--- Instructions for the task ---
Your task is to copy each line of the listing that contains the word "Health".

--- Entries supplied ---
=== Begin Enclosure ===

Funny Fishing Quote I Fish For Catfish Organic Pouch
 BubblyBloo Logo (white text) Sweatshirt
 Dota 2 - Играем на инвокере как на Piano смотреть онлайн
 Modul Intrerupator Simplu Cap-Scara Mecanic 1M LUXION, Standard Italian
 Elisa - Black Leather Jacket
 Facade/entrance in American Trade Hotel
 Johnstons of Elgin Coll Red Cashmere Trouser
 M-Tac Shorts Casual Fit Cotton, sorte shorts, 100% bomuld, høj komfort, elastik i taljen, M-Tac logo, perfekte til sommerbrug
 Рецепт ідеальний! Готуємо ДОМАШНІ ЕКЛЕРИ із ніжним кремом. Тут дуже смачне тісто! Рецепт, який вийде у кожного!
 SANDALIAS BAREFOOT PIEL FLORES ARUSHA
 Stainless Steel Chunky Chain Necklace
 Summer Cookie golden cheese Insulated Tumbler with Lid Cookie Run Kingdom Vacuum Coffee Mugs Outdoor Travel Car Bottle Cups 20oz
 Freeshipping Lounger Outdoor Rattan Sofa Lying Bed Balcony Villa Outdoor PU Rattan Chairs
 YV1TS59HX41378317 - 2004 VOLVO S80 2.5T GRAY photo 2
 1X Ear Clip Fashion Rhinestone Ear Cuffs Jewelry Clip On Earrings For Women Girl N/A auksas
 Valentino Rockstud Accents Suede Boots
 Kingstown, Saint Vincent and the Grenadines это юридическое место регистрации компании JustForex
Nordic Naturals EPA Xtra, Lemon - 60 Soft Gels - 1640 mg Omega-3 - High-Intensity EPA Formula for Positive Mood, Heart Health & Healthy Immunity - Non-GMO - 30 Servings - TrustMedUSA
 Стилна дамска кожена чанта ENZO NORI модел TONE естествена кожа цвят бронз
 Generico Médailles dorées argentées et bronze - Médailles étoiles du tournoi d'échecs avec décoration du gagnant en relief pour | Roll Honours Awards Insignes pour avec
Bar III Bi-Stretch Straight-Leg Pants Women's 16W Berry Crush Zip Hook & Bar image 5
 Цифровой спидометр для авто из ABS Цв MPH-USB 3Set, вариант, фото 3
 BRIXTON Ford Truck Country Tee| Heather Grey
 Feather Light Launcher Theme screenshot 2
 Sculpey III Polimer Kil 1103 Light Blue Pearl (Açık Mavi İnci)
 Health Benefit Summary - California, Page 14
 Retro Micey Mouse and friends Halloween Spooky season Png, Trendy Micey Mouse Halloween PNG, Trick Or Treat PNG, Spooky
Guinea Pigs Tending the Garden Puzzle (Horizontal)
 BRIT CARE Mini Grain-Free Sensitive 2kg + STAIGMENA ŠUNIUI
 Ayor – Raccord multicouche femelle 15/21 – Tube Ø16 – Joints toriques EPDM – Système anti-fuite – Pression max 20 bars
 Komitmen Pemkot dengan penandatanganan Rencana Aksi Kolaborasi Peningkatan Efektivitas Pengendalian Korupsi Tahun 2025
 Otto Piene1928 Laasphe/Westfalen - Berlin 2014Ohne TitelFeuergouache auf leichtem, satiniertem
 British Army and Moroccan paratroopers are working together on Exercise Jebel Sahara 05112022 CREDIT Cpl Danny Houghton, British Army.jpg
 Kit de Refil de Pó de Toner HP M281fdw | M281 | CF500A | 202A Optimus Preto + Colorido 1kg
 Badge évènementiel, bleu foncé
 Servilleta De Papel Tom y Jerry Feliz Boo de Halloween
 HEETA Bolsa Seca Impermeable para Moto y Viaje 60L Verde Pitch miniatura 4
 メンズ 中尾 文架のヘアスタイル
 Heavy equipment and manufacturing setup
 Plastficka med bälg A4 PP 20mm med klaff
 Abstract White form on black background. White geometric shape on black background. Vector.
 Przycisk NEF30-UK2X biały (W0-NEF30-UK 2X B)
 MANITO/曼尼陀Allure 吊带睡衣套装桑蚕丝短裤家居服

=== End Enclosure ===

--- Answer below ---
Nordic Naturals EPA Xtra, Lemon - 60 Soft Gels - 1640 mg Omega-3 - High-Intensity EPA Formula for Positive Mood, Heart Health & Healthy Immunity - Non-GMO - 30 Servings - TrustMedUSA
 Health Benefit Summary - California, Page 14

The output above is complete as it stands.